Let us put this demand in a different context. Let us say that we were seeking scriptural advice on a war with Iraq. Since there is no concept of a nation-state in the Scriptures, or of terrorism or international law, "directly akin" to what we experience today, then shall we say that biblical teachings on warfare and peacemaking do not apply in the same way to us in our situation?
Liberals would reject this argument, and rightly so. By raising the demand for exact correspondence between ancient and modern contexts to ridiculous heights, it seems that the Episcopal Church has revealed precisely what it thinks of scriptural authority-very little.
Indeed, cultural context is a significant part of interpreting what Scripture tells us about any given issue. However, we cannot dismiss or even invert the commandments of Scripture simply because we do not have a precise cultural analogue. And yet this move away from Scripture is precisely the one that "To Set Our Hope" asks us to make. It pits Scripture against itself in order to muddy the waters enough that it appears there is no clear scriptural mandate on homosexuality. Interpreting Scripture's demands in the context of a very different time and culture is difficult indeed. But this document is not offering an interpretation of Scripture so much as it is offering an excuse to ignore it.
This argument for the irrelevance of the Bible cannot be contained simply to homosexuality. If cultural situation and time can transform homosexuality from sinful to holy, why are other prohibited sexual behaviors immune from the same transformation? The document offers no answers. It offers nothing which the Anglican Communion has not already rejected.
Indeed, why have any damnation of sins whatsoever? If we can prove the Bible wrong in any one context, such as its condemnation of same-sex unions, why read it at all?
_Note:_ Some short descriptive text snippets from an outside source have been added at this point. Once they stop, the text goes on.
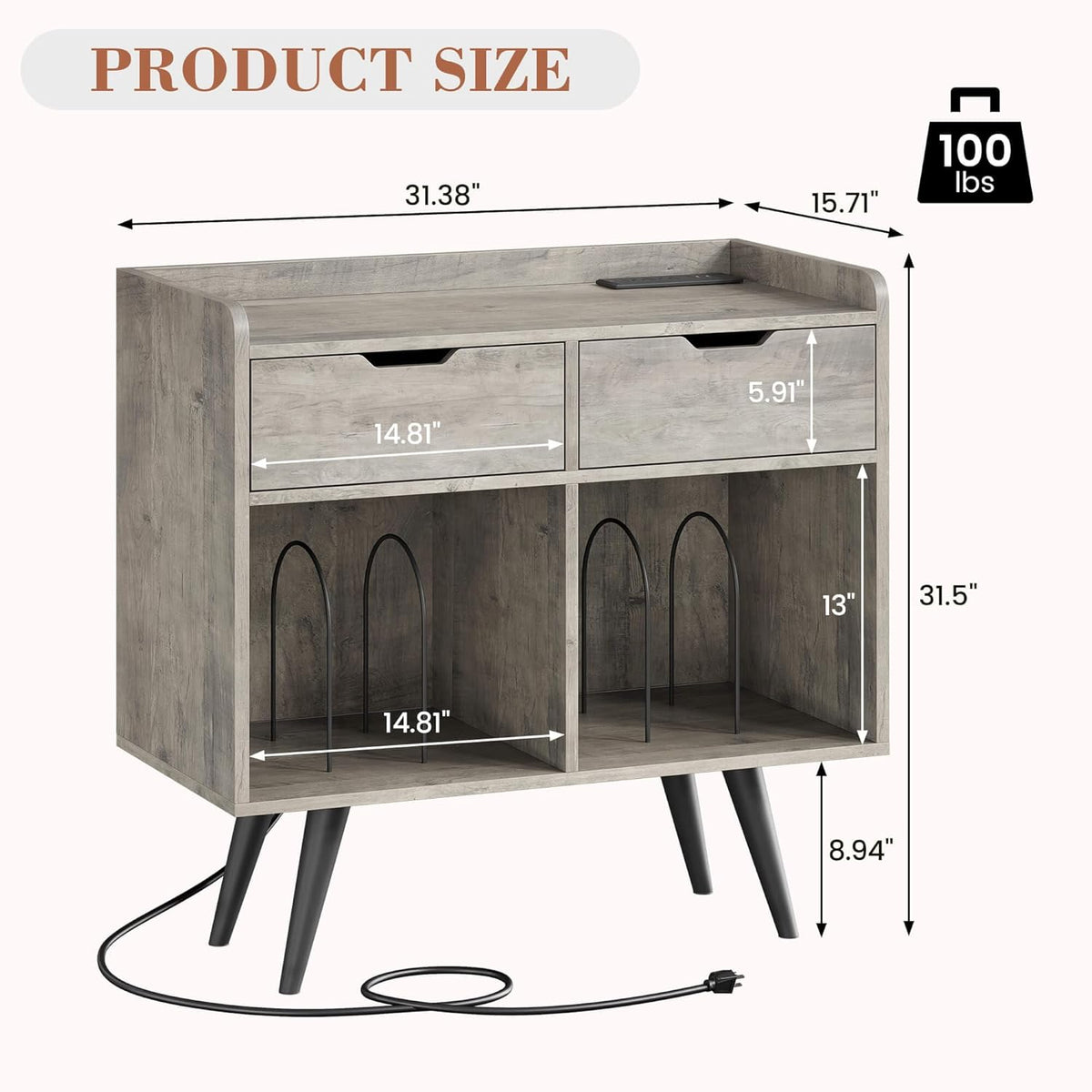 Gray Wooden Record Player Stand with Storage and Drawers F317494
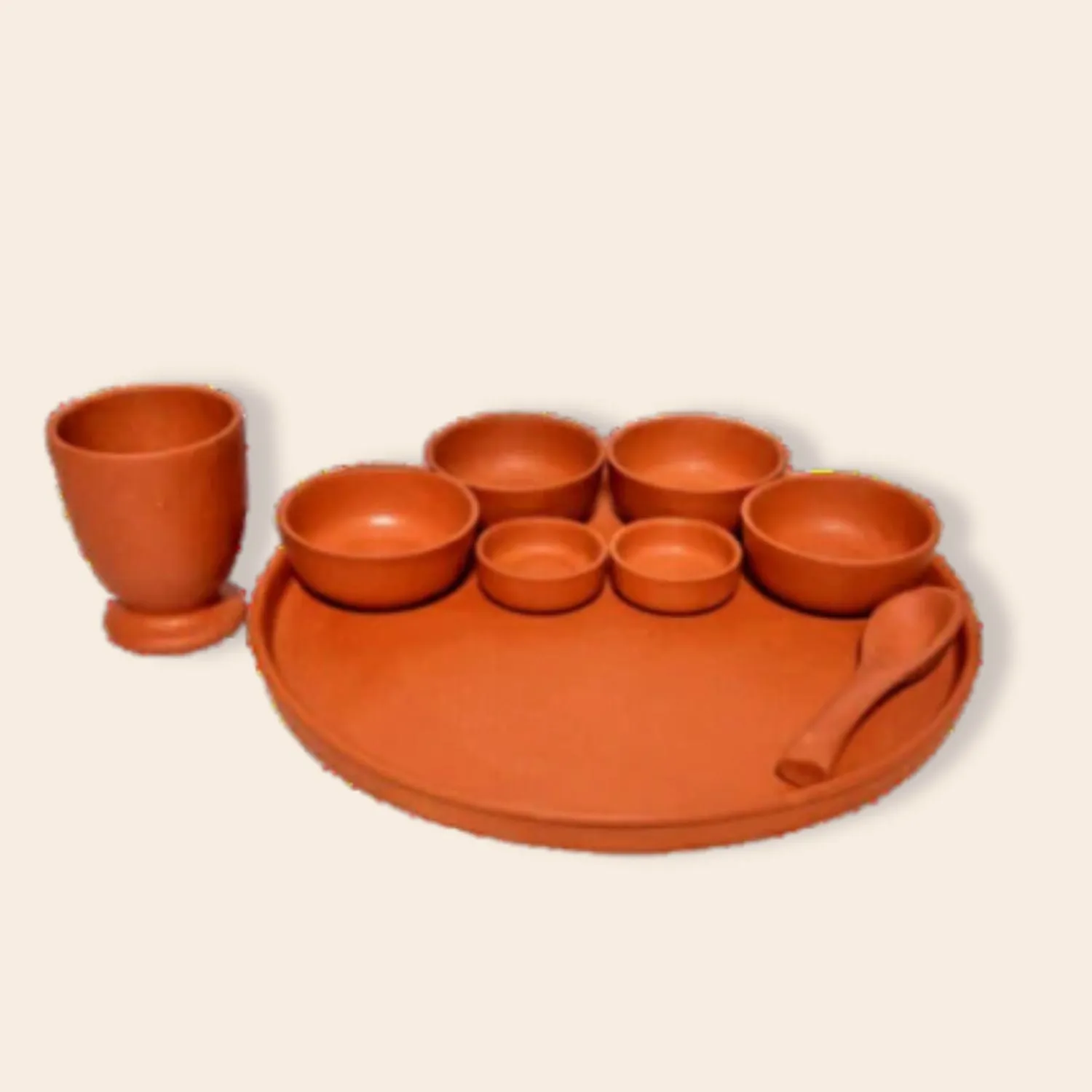 Clay Dinner Set of 9 Pieces | 100% Genuine Clay Tableware | Healthful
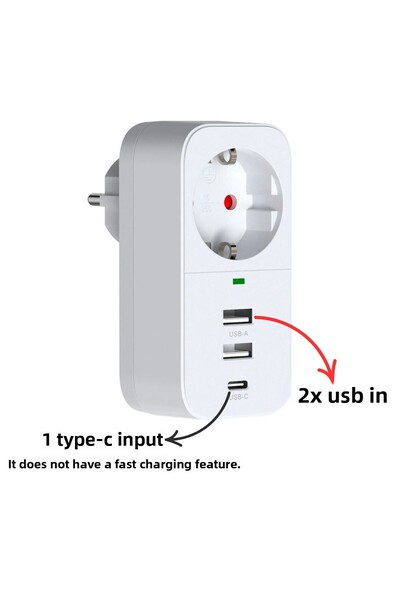 EXENAR محول مقبس مع USB للحماية الحالية - قابس متعدد مع 2 USB إلى 1 مدخل من النوع C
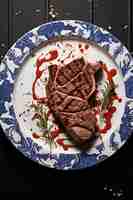 Photo a plate of steak and sauce with a blue and white floral pattern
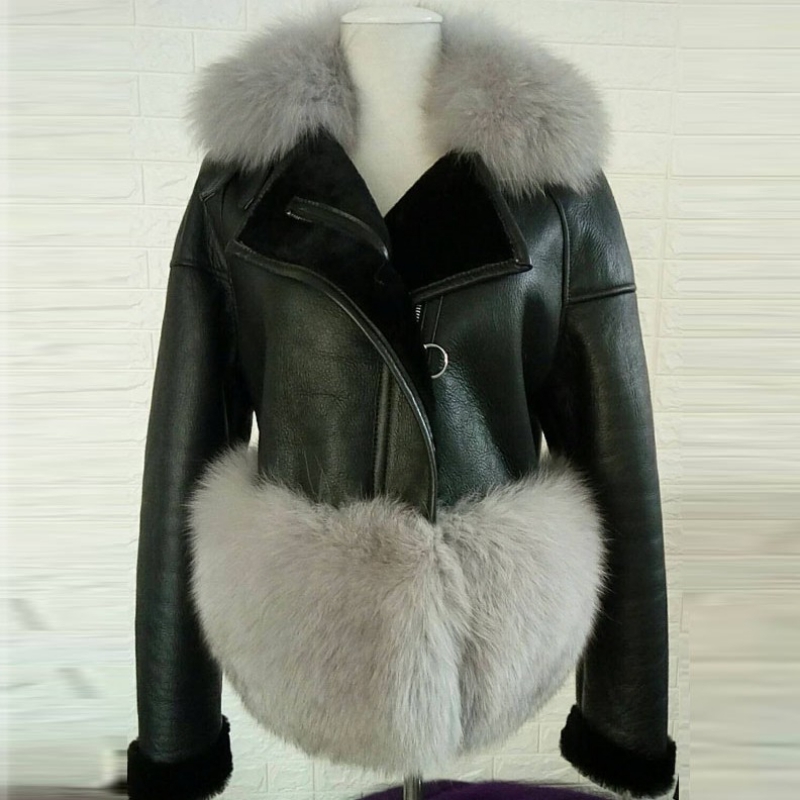 

Famous Brand Genuine a Piece Suede Leather Jackets of Real Luxury Women Fox Skin Trimmed Classic Bomber Fur Cfjp, Black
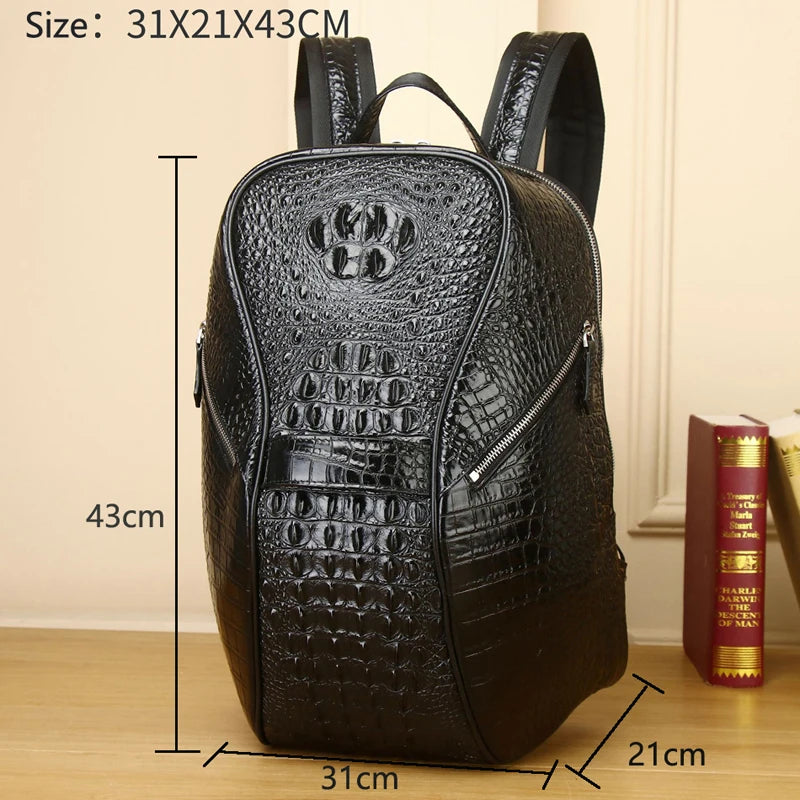 New Real Cowhide leather Crocodile Pattern Men's Backpack Business Casual Backpack Large Travel Bag genuine leather bag - EUFASHIONBAGS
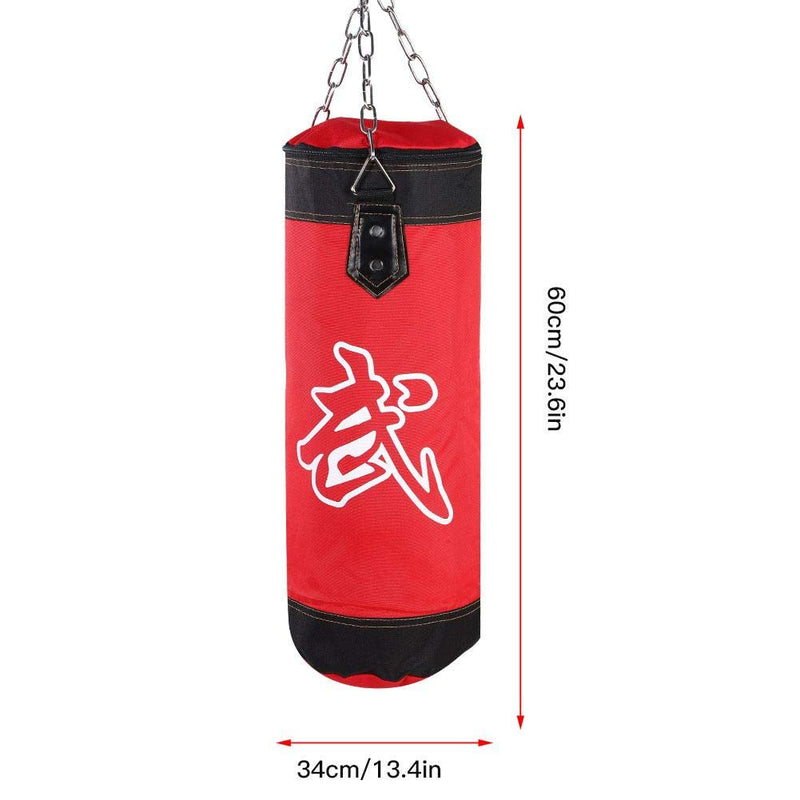Adult Boxing Punching Bag Set, Unfilled Heavy Training Kick Bag for Muay Thai Hook Kick Sandbag Fight Karate RED 60CM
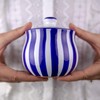 City to Cottage® Navy Blue Striped Handmade Hand Painted Ceramic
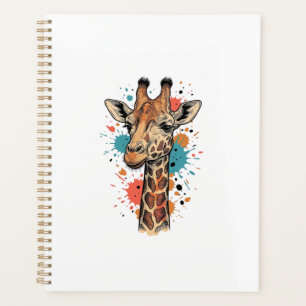 Agenda Diseño de camiseta blanca con arte de jirafa graba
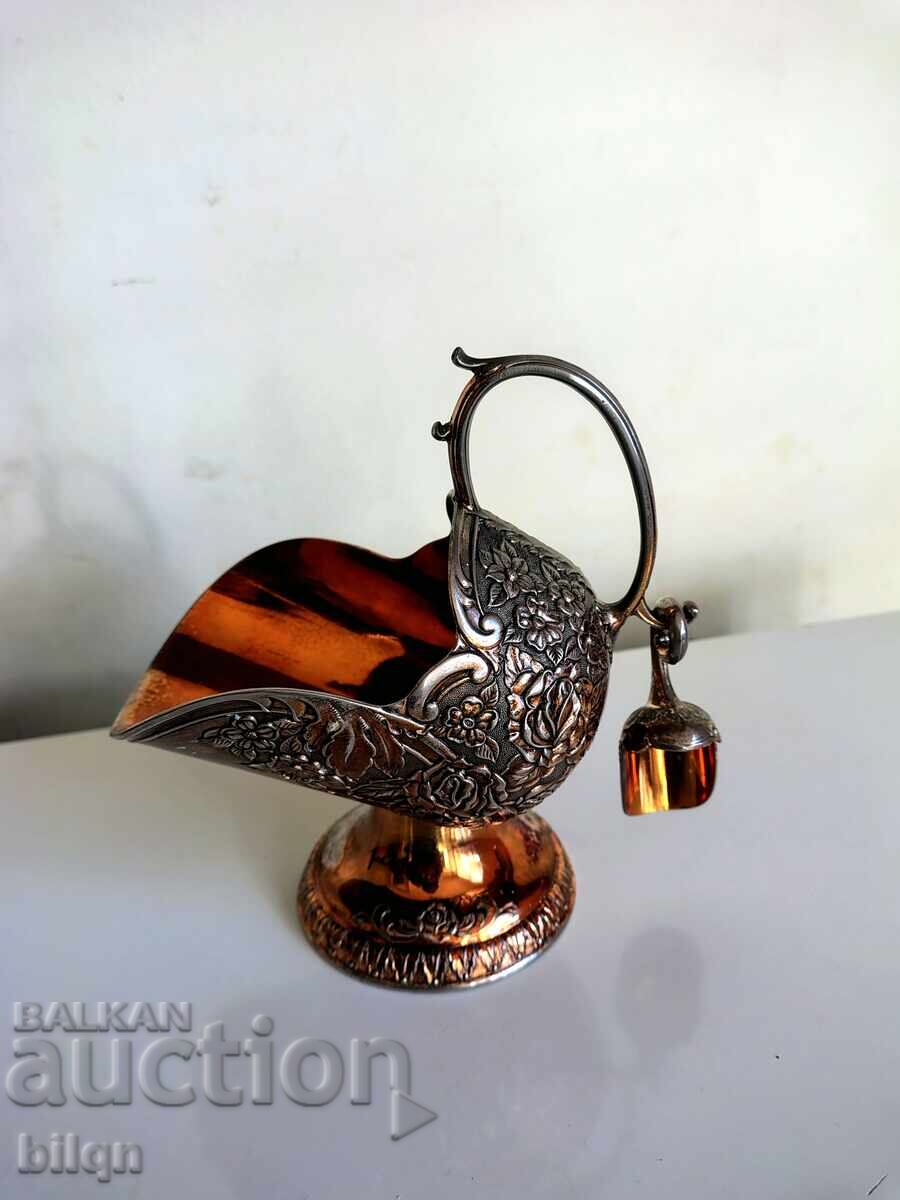 Uniquely Beautiful Silver-Plated Japanese Sugar Bowl Uniquely Beautiful Silver-Plated Japanese Sugar Bowl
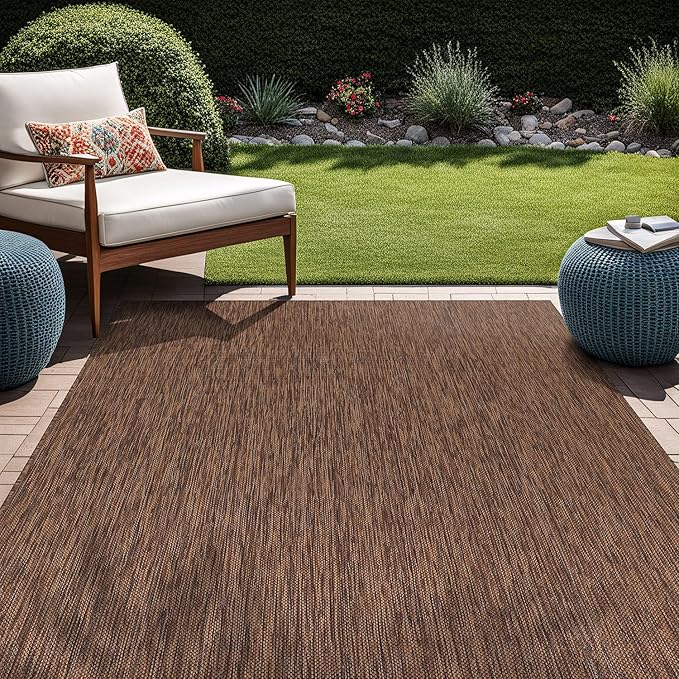 Beverly Rug Indoor Outdoor Rug 8x10, Washable Outside Carpet for Patio, Deck, Porch, Solid Modern Area Rug, Water Resistant, Gold Brown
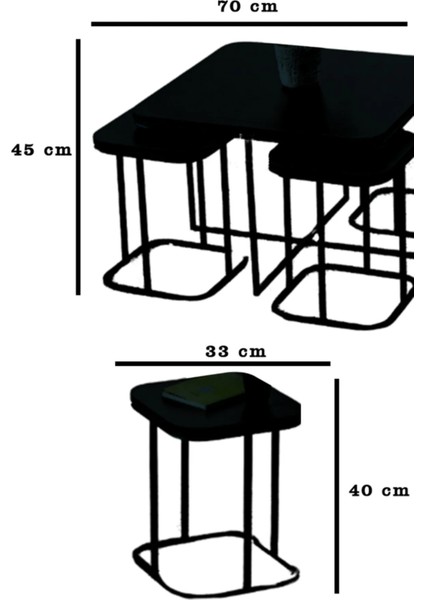 Asorit 5'li Oval Kenar 4+1 Siyah Aynalı Temperli Cam Gümüş Ayak Zigon Sehpa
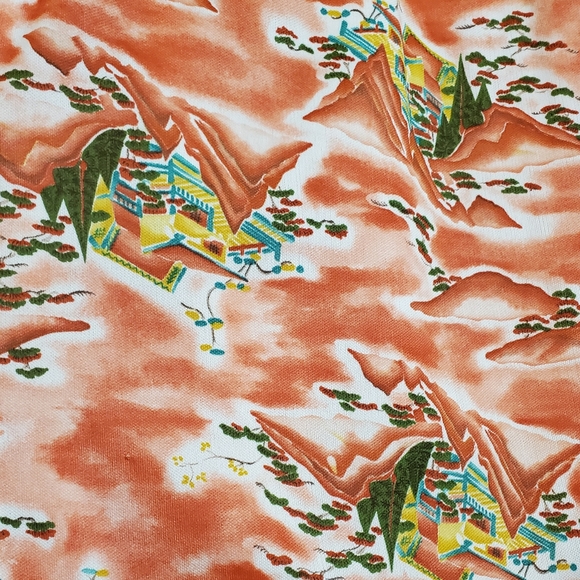 Salmon Vintage Long Dress with Hawaii Print, Lace Trim and Tie Waist - Picture 4 of 15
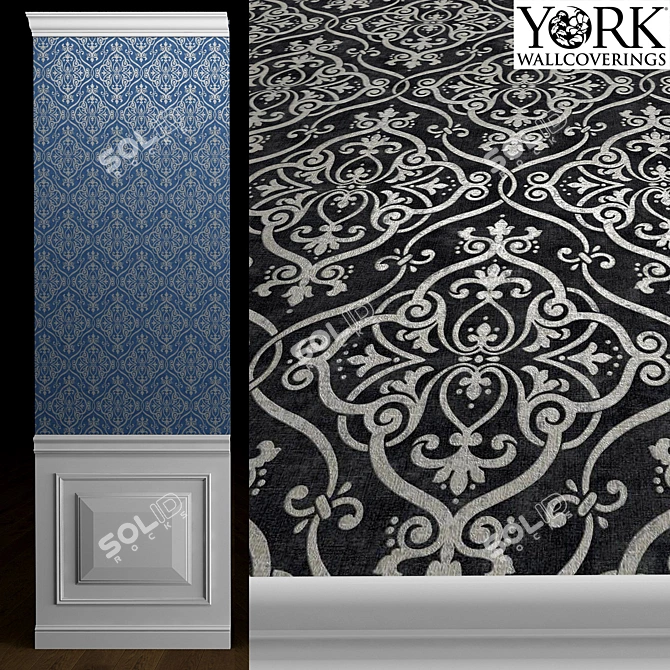 Glam Damask Texture Wallpaper 3D model image 1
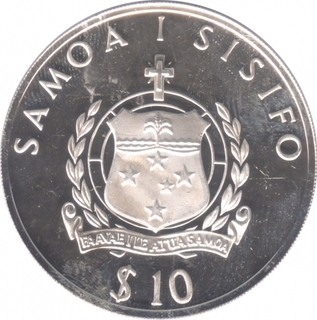 Samoa Silver Ten Dollars Proof Coin of Olympic Games of 1996.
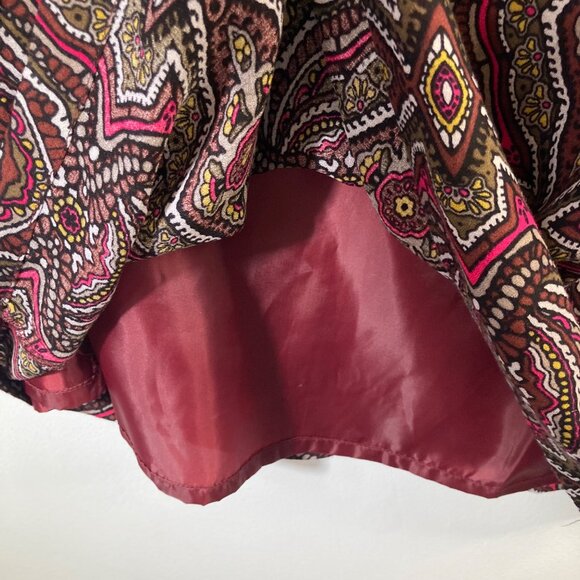 Womens Prana Cece Shift Dress Medallion Print Lined Zip Brown Red M - Picture 5 of 8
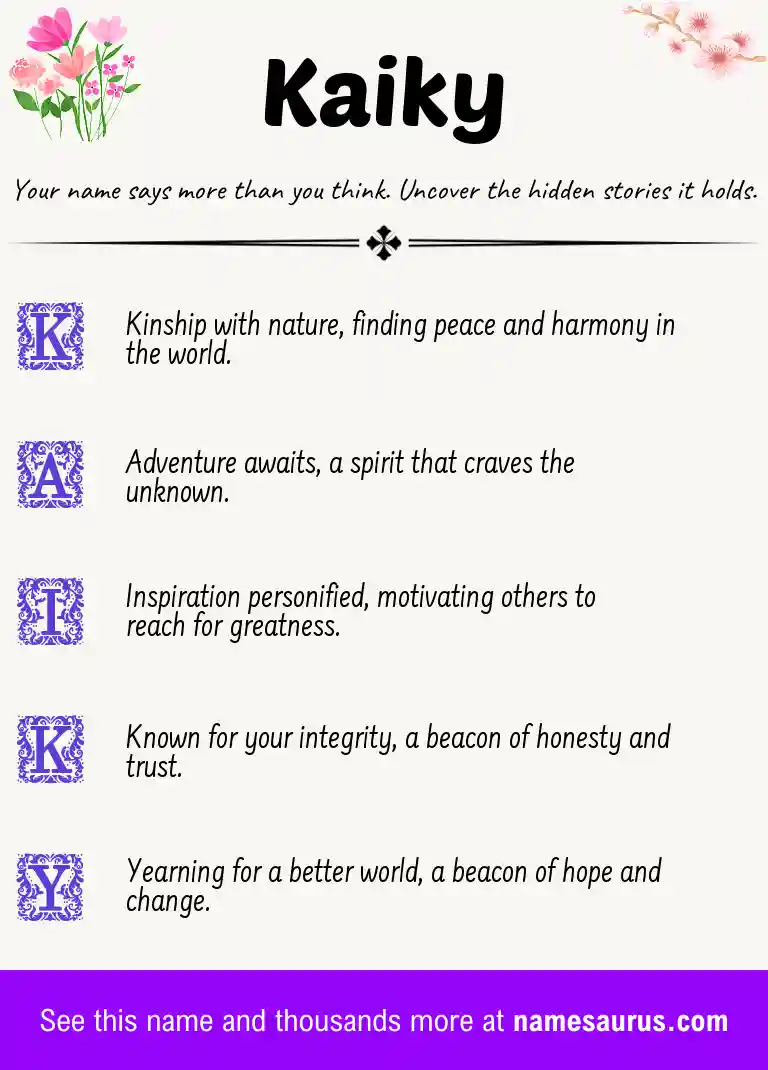 Acrostic poem about Kaiky.
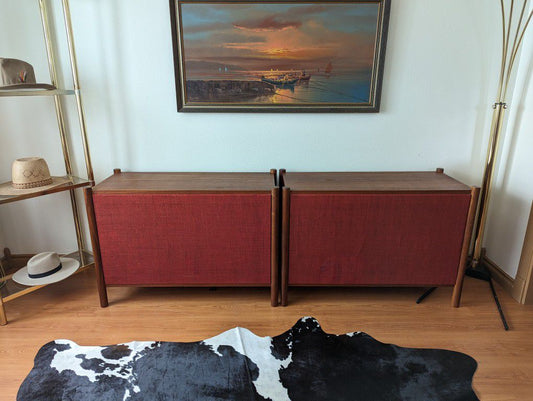Pair Of Beautiful Solid Teak Subwoofer Cabinets w/ JBL LX5's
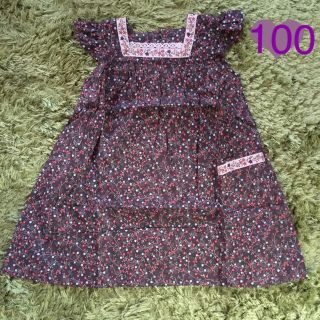 新品✨EVERYDAY*S ♡ブラウン小花柄スモッグワンピース♡100✨(ワンピース)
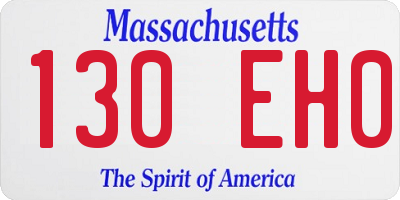 MA license plate 130EH0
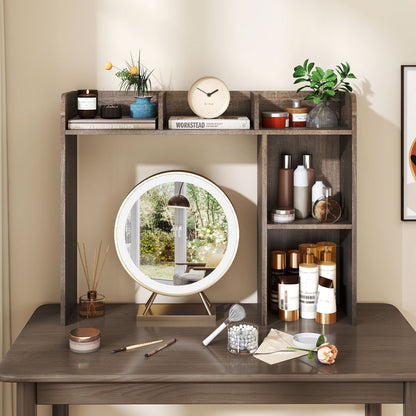 Goflame Desktop Bookshelf, Wood Desk Hutch Organizer for 27 Inch Computer Monitor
This is just one more tactic in the left's unified attack on traditional values and society. Liberals, whatever their stripe, want to destroy the USA as we know it and reorganize with a socialist Big Brother government, and this constant chaos creation constitutes their strategy.
The Bishops and Priests from the Dark Side are non believers of God, Jesus and the resurrection. Their religion is their 24/7/365 perverted sexuality.
This may be (and I'm sure probably is) too strict a view for the pro-homosexual Episcopalians, but I was taught that adultery is having sexual relations with a person who is not your spouse, this occurs even if neither party is married. Perhaps, as others have suggested, these people should just split off and establish a homosexual religion.
That is almost exactly the same language as "proposition one" of the ELCA Task Farce, which is coming up for a vote in Orlando this August. This calls us to learn to live together despite our disagreements, for the sake of "unity in Christ" and the ELCA's "mission".
But REAL unity in Christ is Trinitarian and sacramental, and means being one with each other "as the Father and I are one". This has to do with theosis/divinization/sanctification, NOT stifling of the views of orthodox believers for the sake of "unity" with gnostics and antinomians!!!! "Proposition one" is, like the other two propositions, a bunch of anti-Christian hooey!!
By the way, my Serbian Orthodox congregation (including I) will be celebrating Vidovdan, the observance of the 1389 Battle of Kosovo, this Sunday. (The actual date is the 28th.) So Anglicans and Lutherans on this list should remember our Serbian Orthodox Christian brothers and sisters in prayer this Sunday, aloud during the prayer of the church in the liturgy if possible!
In 1998, during Clinton's little diversion, I read up on that. Didn't know much about the Balkans before then except that the Nazi's in WWII got a number of black eyes there. When I learned the history behind Kosovo, I knew that we were (are?) on the wrong side. I will remember that in my prayers this Sunday.